About this exercise: Return exactly the lines from the "בקתה Grand Familial" line through the last line of the entries below. Include no pictures.

Material provided:
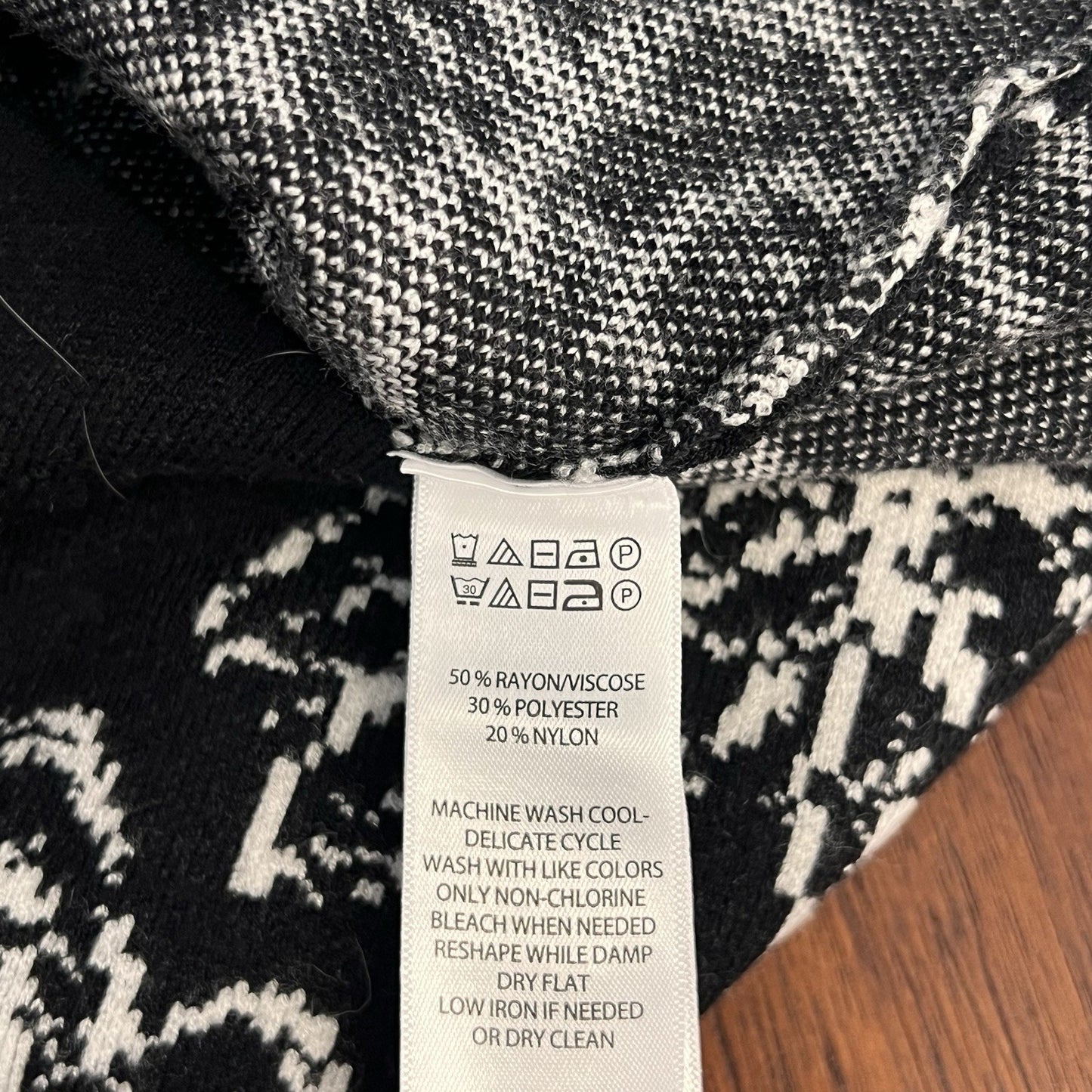 NWT Cynthia Rowley Sweater Dress (S) Long Sleeve Black White Floral Stretch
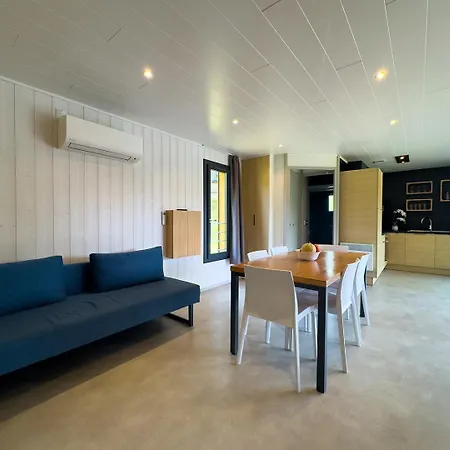 בקתה Grand Familial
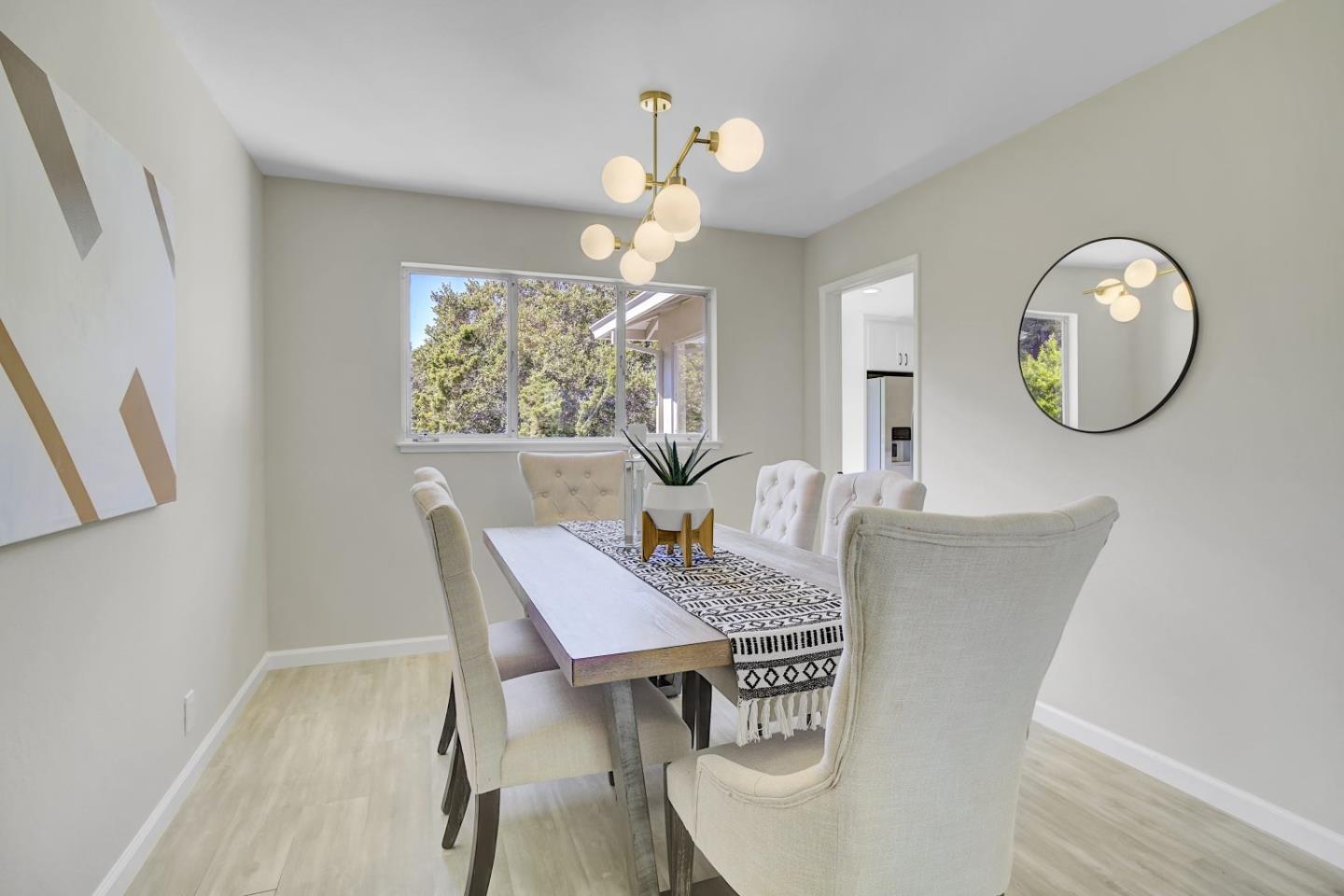 Detail Gallery Image 10 of 56 For 2727 El Prado Rd, Burlingame,  CA 94010 - 3 Beds | 2 Baths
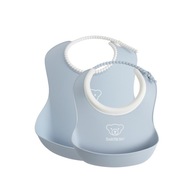 Sada podbradníkov BABYBJORN malý/veľký Powder Blue Sada podbradníkov BABYBJORN malý/veľký Powder Blue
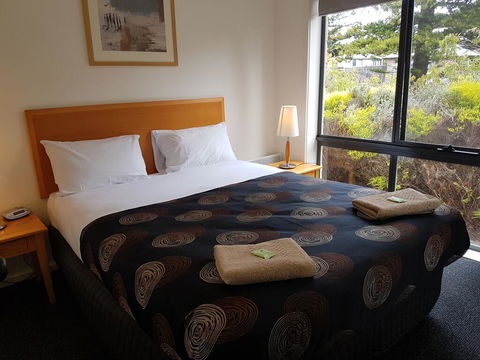 Gilles St Apartments - New Castle Holiday 1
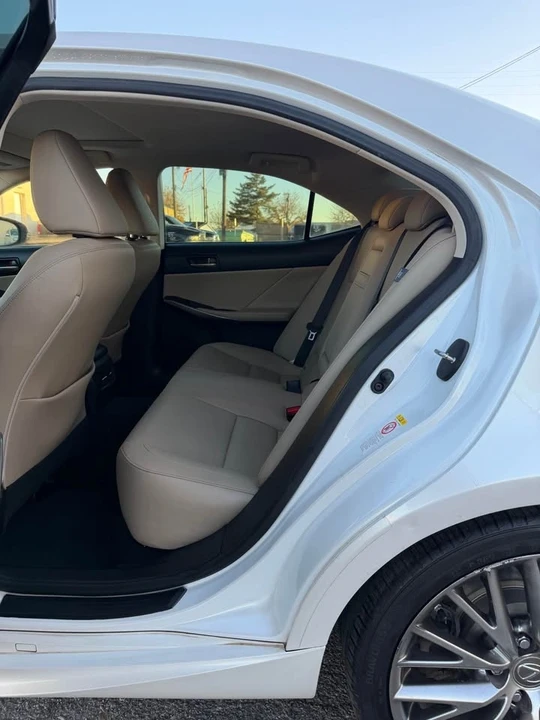 2018 Lexus IS 3rd Gen - Image 7 of 13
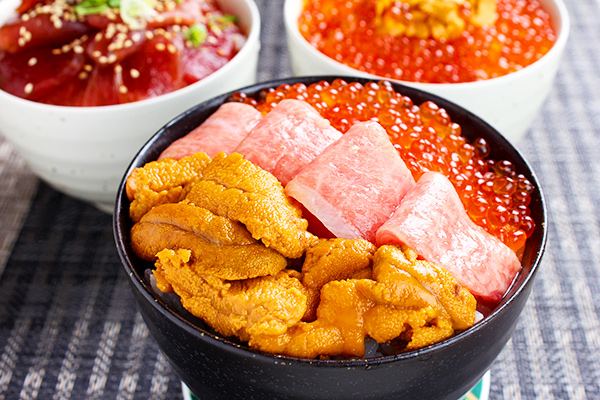 瞬間冷凍で鮮度をキープ！マグロ通販専門店が手がける「海鮮三色丼」と「漬けシリーズ」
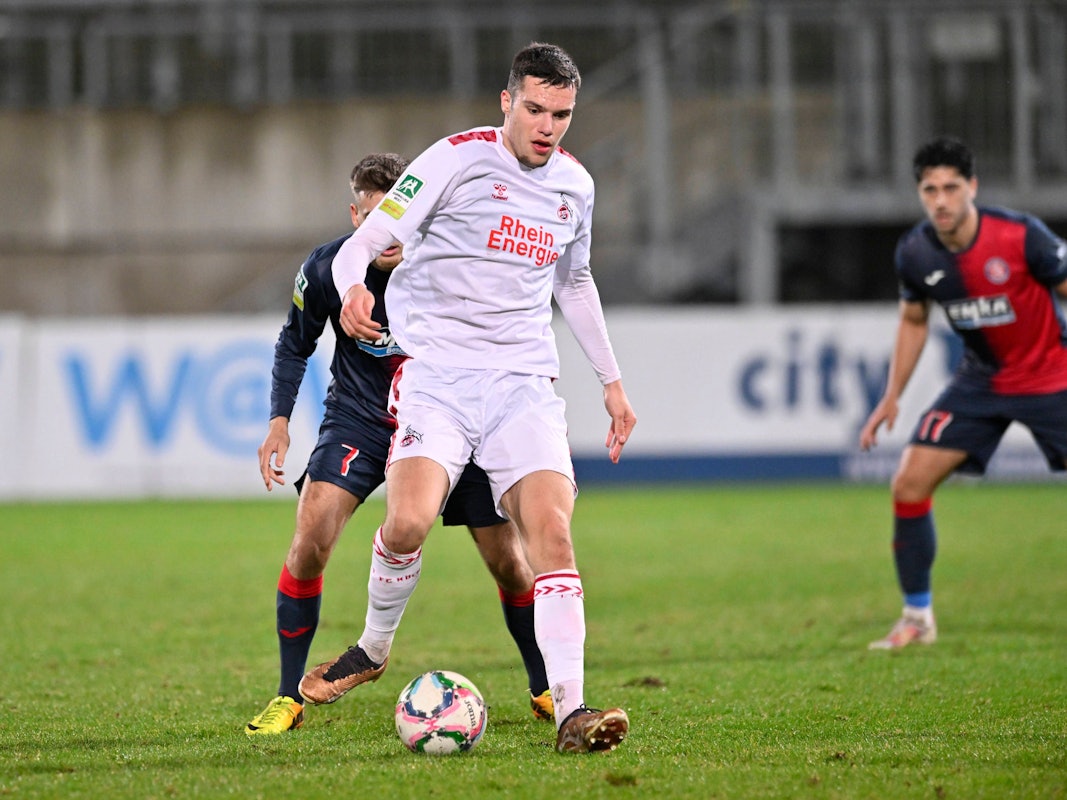 Antonio Verinac für die U21 des 1. FC Köln am Ball.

Solution to this task:
 בקתה Grand Familial
 Detail Gallery Image 10 of 56 For 2727 El Prado Rd, Burlingame,  CA 94010 - 3 Beds | 2 Baths
 Sada podbradníkov BABYBJORN malý/veľký Powder Blue Sada podbradníkov BABYBJORN malý/veľký Powder Blue
 Gilles St Apartments - New Castle Holiday 1
 2018 Lexus IS 3rd Gen - Image 7 of 13
 瞬間冷凍で鮮度をキープ！マグロ通販専門店が手がける「海鮮三色丼」と「漬けシリーズ」
 Antonio Verinac für die U21 des 1. FC Köln am Ball.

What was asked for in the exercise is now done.